These are my notes on Roy T. Fielding's famous Ph.D. dissertation "Architectural Styles and the Design of Network-based Software Architecture"
What follows are excerpts from the dissertation, with my notes usually in parentheses.
Roy Thomas Fielding is: chief Scientist in some tech company; Chairman, Apache Software Foundation; Visiting Scholar, W3C @ MIT CS Lab; etc; Publications, Honors, Awards, Fellowships etc. Involved in the authoring of the Internet standards for the Hypertext Transfer Protocol (HTTP) and Uniform Resource Identifiers (URI).
Abstract:
"The World Wide Web has succeeded in large part because its software architecture has been designed to meet the needs of an Internet-scale distributed hypermedia system."
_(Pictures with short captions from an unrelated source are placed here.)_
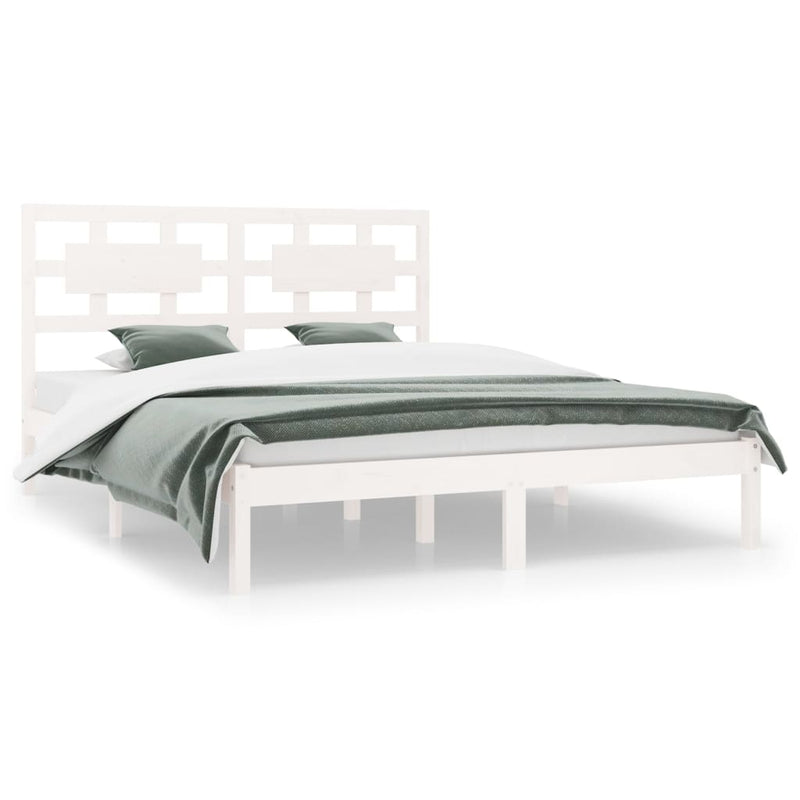 Bedframe massief grenenhout wit 140x200 cm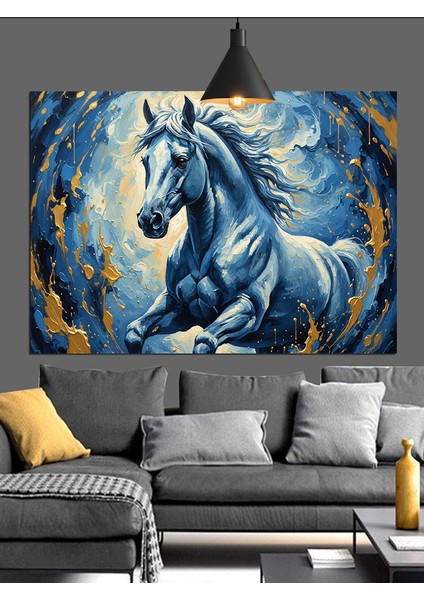 Koşan Vahşi Beyaz At Dekoratif Kanvas - Mdf Ahşap Tablo fırsatları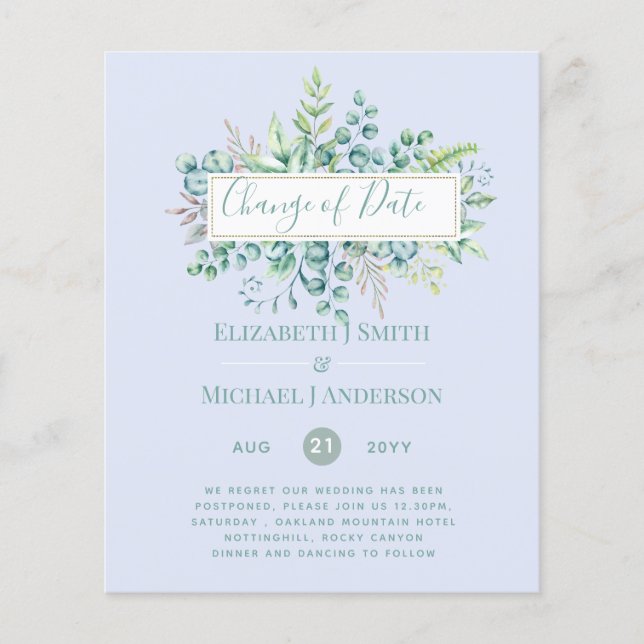 Changement de plan Date Greenery Eucalyptus Event (Devant)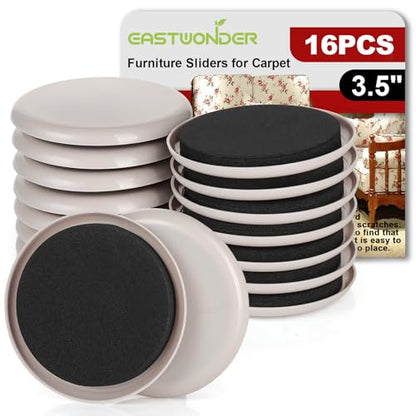 Furniture Sliders for Carpet, 16 PCS - 3.5 Inch Reusable Furniture Movers Sliders, Heavy Duty Furniture Moving Pads for Easily and Safely Move Your Furniture - size: 3.5 inch 16 PCS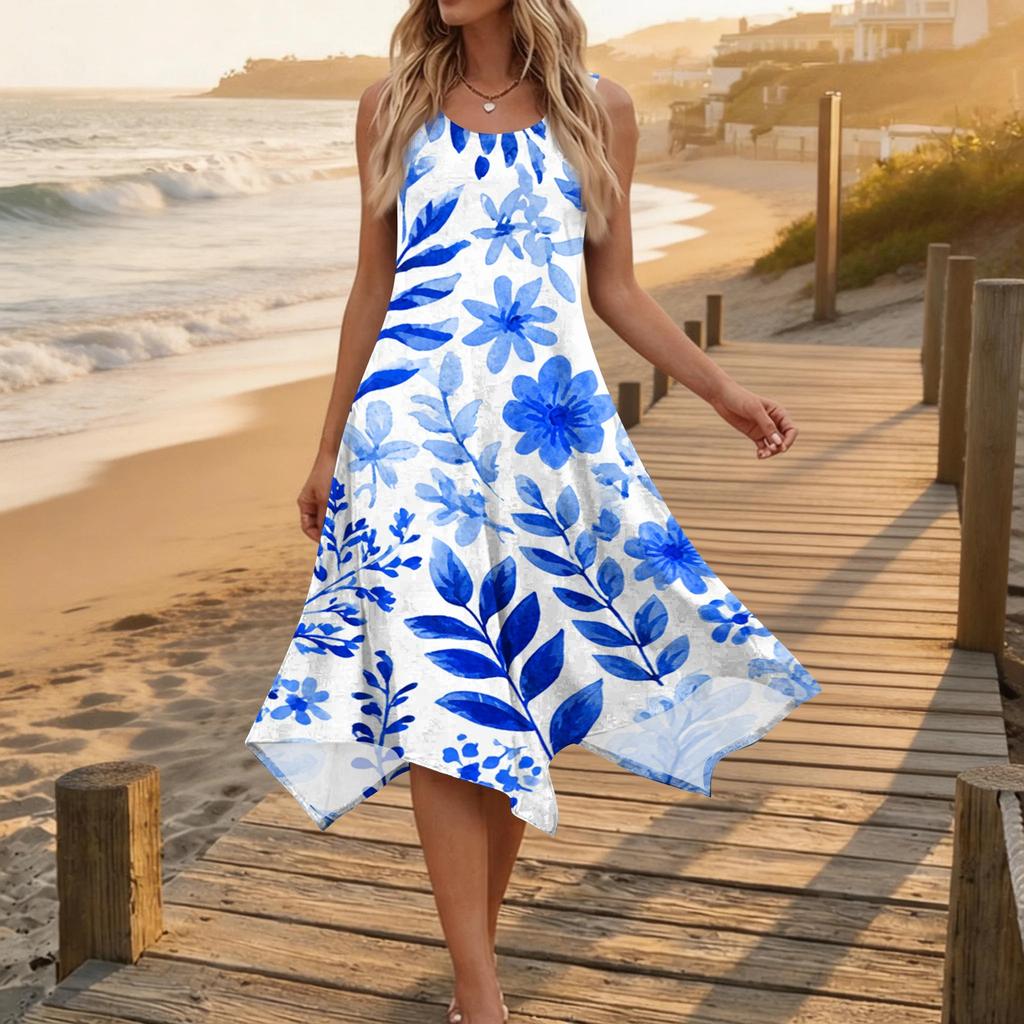 Women Sleeveless Casual Floral Print Dress Round Neck Irregular Hem Mid Length Summer Dress Lightweight Comfortable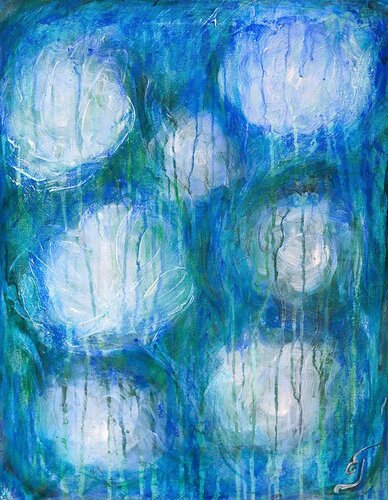 White flowers in the rain von Elena Gerasimova, Malerei kaufen auf Singulart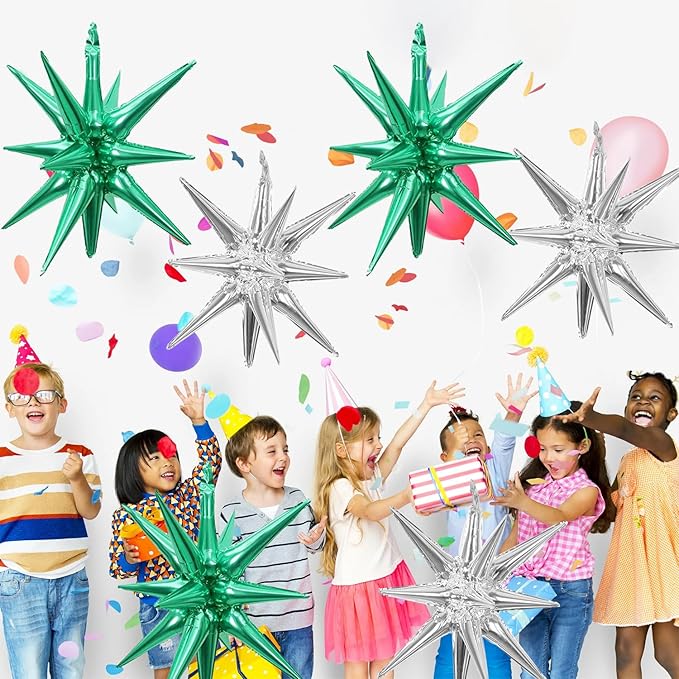 6 Pcs Silver Star Foil Balloons One-Piece 14-Pointed Star Balloon 4D Starburst Cone Mylar Balloon 22inch Christmas Birthday Wedding Wedding Anniversary Party Supplies (Silver + Green)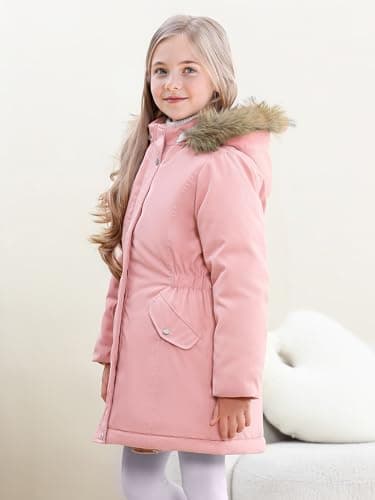 XMWEALTHY Girls Long Winter Coat Warm Puffer Down Jacket Kids Parka Hooded Thicken Snow Fleece Lined Outerwear Toddler Pink 4T - Thumbnail 2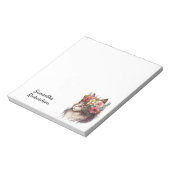Bloc-note Aquarelle personnalisée Chat de saumon boho floral (Tourné)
"The World Wide Web has succeeded in large part because its software architecture has been designed to meet the needs of an Internet-scale distributed hypermedia system."
(He makes it sound as if it was designed this way on purpose.)
"In order to identify [...] aspects of the Web that needed improvement and avoid undesirable modifications, a model for the modern Web architecture was needed to guide its design, definition, and deployment."
"In order to identify [...] aspects of the Web that needed improvement and avoid undesirable modifications, a model for the modern Web architecture was needed to guide its design, definition, and deployment."
(So, he admits the need to build a model after the fact.)
"An architectural style is a named, coordinated set of architectural constraints."